Dingo: Why Node Diversity Matters for Cardano
ADAvault supports the Dingo treasury proposal. Node diversity is one of the most important infrastructure investments the Cardano ecosystem can make, and we believe the treasury should fund it.
Why Node Diversity Matters
Today, Cardano runs on a single node implementation written in Haskell. That means every stake pool, every relay, and every block producer runs the same codebase. A critical bug in that single implementation affects the entire network simultaneously — there is no fallback.

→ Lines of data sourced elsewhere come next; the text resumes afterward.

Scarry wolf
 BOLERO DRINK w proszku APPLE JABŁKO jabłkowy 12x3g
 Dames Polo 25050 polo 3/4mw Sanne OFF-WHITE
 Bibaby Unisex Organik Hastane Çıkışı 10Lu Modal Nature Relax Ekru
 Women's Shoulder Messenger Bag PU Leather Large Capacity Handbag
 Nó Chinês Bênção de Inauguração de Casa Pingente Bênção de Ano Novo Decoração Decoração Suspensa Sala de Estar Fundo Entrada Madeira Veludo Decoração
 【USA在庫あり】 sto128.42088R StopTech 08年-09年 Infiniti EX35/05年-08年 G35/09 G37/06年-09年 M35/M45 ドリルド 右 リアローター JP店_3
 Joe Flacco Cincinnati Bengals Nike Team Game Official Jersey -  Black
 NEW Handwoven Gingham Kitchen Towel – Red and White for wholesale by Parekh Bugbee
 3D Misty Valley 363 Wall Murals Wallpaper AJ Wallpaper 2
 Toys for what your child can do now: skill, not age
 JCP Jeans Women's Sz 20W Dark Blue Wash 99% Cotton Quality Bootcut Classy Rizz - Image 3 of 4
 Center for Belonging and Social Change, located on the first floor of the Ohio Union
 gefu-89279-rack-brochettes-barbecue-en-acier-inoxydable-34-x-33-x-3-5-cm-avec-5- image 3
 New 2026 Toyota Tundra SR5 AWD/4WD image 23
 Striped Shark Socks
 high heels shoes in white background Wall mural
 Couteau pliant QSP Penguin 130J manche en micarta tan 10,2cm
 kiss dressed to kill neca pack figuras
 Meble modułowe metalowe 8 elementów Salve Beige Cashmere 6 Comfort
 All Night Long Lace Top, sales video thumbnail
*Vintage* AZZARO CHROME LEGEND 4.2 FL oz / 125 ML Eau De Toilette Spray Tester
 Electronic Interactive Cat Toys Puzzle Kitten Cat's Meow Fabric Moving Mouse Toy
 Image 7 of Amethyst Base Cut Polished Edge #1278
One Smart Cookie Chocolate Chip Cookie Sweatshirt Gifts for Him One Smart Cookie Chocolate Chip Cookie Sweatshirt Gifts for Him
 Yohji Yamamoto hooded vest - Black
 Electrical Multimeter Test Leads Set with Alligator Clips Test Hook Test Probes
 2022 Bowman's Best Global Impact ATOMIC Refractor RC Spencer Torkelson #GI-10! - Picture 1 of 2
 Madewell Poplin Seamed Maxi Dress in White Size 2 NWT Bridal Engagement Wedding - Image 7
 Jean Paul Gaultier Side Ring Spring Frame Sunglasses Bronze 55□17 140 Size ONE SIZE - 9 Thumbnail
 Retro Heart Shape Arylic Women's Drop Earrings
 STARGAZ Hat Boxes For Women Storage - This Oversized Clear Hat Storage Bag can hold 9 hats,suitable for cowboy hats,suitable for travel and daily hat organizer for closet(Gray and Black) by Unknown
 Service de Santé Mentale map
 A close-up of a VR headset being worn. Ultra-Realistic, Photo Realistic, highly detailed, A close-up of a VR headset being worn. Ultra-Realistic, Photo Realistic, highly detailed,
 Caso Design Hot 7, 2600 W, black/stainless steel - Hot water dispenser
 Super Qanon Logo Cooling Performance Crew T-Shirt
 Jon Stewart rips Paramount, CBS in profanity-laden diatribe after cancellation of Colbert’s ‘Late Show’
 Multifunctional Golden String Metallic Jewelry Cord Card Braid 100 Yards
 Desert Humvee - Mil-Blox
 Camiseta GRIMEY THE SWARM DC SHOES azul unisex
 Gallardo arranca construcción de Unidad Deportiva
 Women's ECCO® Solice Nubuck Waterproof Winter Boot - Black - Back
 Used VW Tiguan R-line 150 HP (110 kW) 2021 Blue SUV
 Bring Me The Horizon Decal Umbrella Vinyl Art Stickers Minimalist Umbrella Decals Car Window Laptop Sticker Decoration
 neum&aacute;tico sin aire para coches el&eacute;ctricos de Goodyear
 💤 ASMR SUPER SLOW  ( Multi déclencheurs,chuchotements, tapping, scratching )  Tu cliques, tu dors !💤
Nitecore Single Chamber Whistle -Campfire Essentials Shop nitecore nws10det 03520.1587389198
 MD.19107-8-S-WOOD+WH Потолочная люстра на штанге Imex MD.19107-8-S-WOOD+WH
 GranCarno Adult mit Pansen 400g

Ethereum learned this lesson and invested heavily in client diversity. The result is a more resilient network with multiple independent implementations (Geth, Nethermind, Besu, Erigon) that can catch each other’s bugs. A critical vulnerability in one client doesn’t take down the whole network — operators can switch to an alternative while the issue is patched.
Cardano needs the same resilience. A Go implementation like Dingo provides exactly that.
Where Dingo Stands
The numbers speak for themselves: 1,226 commits, 205,500 lines of code, 48 releases, and a node that boots. Getting through chain sync and the Ouroboros handshake protocols is non-trivial — this is real, substantive progress.
Charles Hoskinson has publicly endorsed the project after meeting the team in person, and his confidence carries weight given his deep understanding of the complexity involved:
Having spent time with the team in Japan while on the tour and at the node diversity summits, I have full confidence they can deliver on time. I highly recommend people fund Dingo
— Charles Hoskinson (@IOHK_Charles) March 8, 2026
The Technical Challenge
Re-implementing cardano-node is not a port — it’s a ground-up re-implementation from specification. The Haskell codebase is 300K+ lines with deep dependencies on the formal verification ecosystem. The ledger rules alone span multiple eras (Byron through Conway), and the Plutus script evaluator must produce bit-for-bit identical results to avoid consensus divergence.
This is hard work, and it takes time. But it’s exactly the kind of foundational infrastructure that treasury funds should support. The ROI for network resilience is substantial — even a single prevented chain-wide incident would justify the investment many times over.
Other Efforts: Torsten (Rust)
Dingo isn’t the only alternative node implementation in progress. We’re also tracking Torsten, a Rust implementation by Michael Fazio of Sandstone Pool. It’s early stage — around 40,000 lines of Rust across a well-structured 10-crate workspace — and can connect to preview testnet, sync to tip via Mithril, and respond to local queries.
However, it’s important to be clear-eyed about where it stands. The consensus-critical paths — VRF verification, ledger state replay, reward calculations — are not yet producing correct results. This isn’t a criticism of the effort; it’s a reflection of the exceptionally high compliance and security bar that any node implementation must clear before it can be trusted on a production network. Getting Ouroboros Praos, multi-era ledger validation, and Plutus script evaluation bit-for-bit correct against the reference implementation is the bulk of the work, and it’s the hardest part.
We’ll continue to watch Torsten’s progress with interest. More implementations attempting this challenge — regardless of where they are today — is a healthy sign for the ecosystem.
Our Position
As stake pool operators running four pools on the Cardano network, we have a direct interest in network resilience. A single-implementation network is a single point of failure, and that’s a risk we’d like to see addressed.
We encourage delegators and DReps to consider supporting the Dingo treasury proposal. This is infrastructure-level investment in Cardano’s long-term security and stability.